(Input material begins)
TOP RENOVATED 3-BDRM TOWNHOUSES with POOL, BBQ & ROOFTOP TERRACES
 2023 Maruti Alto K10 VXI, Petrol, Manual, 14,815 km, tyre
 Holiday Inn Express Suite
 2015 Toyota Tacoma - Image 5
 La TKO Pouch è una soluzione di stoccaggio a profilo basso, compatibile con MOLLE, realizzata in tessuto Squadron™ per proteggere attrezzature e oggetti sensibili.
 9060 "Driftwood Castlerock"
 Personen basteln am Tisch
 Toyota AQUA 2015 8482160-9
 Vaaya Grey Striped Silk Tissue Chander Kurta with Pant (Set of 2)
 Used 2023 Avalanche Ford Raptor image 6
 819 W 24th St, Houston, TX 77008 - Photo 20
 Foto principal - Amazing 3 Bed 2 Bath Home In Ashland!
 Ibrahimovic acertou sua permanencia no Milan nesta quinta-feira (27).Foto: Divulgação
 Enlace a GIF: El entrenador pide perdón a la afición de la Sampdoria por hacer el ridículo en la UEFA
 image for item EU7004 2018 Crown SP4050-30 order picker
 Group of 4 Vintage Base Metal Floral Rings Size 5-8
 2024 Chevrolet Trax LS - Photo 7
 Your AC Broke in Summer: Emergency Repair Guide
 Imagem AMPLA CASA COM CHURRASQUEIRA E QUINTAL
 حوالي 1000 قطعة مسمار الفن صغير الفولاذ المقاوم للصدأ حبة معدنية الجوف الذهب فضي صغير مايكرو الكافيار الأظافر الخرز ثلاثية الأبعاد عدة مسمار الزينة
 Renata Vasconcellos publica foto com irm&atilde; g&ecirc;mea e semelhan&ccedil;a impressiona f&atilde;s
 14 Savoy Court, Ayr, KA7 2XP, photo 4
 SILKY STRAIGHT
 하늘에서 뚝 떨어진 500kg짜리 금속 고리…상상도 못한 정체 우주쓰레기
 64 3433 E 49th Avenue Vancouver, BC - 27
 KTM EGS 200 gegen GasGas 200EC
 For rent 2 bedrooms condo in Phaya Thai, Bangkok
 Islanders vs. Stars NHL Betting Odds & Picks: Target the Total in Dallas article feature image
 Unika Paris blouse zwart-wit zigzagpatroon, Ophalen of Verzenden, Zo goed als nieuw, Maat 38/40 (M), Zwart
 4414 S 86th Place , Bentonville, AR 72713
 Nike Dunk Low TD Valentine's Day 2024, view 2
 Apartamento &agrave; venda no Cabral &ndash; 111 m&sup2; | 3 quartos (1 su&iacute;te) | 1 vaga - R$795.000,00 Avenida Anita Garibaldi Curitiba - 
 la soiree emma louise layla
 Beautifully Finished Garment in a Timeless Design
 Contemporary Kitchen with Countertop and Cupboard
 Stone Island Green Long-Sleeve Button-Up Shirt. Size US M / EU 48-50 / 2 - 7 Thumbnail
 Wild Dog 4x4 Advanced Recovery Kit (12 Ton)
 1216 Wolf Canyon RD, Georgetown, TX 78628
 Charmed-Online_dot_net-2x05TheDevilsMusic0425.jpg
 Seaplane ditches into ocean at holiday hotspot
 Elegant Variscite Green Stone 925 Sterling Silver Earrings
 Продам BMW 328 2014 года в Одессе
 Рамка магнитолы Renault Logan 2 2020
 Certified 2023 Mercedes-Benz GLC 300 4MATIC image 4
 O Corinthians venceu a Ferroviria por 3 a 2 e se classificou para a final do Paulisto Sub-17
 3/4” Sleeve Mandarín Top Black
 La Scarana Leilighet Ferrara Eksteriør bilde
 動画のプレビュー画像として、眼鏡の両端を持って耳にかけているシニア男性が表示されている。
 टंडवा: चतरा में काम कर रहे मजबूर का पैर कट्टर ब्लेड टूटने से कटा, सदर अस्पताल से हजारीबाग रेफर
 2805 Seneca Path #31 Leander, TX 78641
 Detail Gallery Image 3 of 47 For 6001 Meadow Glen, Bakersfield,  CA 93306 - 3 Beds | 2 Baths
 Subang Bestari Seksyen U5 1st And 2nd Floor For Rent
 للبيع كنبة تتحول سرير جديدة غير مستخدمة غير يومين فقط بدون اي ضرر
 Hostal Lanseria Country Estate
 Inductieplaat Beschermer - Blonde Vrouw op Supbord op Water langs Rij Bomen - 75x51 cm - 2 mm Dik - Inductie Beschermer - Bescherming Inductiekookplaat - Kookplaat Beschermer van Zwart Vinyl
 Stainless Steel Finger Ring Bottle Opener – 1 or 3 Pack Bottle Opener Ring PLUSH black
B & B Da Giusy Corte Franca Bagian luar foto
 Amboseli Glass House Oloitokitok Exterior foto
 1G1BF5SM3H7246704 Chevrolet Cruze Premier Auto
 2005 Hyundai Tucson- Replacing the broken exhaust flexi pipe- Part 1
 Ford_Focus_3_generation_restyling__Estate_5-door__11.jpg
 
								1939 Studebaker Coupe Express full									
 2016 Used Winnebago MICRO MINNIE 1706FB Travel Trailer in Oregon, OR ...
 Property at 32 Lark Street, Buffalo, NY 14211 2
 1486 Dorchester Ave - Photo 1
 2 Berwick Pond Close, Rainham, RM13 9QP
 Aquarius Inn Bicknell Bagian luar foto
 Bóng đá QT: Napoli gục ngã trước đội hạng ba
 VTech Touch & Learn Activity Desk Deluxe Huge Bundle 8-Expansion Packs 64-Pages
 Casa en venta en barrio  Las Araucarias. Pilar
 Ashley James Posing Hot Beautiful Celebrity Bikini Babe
(Input material ends)
Exercise
Produce an exact transcription of the lines from the one containing "Amboseli Glass House" through the end of the records, both included, and no other lines.

Written response
 Amboseli Glass House Oloitokitok Exterior foto
 1G1BF5SM3H7246704 Chevrolet Cruze Premier Auto
 2005 Hyundai Tucson- Replacing the broken exhaust flexi pipe- Part 1
 Ford_Focus_3_generation_restyling__Estate_5-door__11.jpg
 
								1939 Studebaker Coupe Express full									
 2016 Used Winnebago MICRO MINNIE 1706FB Travel Trailer in Oregon, OR ...
 Property at 32 Lark Street, Buffalo, NY 14211 2
 1486 Dorchester Ave - Photo 1
 2 Berwick Pond Close, Rainham, RM13 9QP
 Aquarius Inn Bicknell Bagian luar foto
 Bóng đá QT: Napoli gục ngã trước đội hạng ba
 VTech Touch & Learn Activity Desk Deluxe Huge Bundle 8-Expansion Packs 64-Pages
 Casa en venta en barrio  Las Araucarias. Pilar
 Ashley James Posing Hot Beautiful Celebrity Bikini Babe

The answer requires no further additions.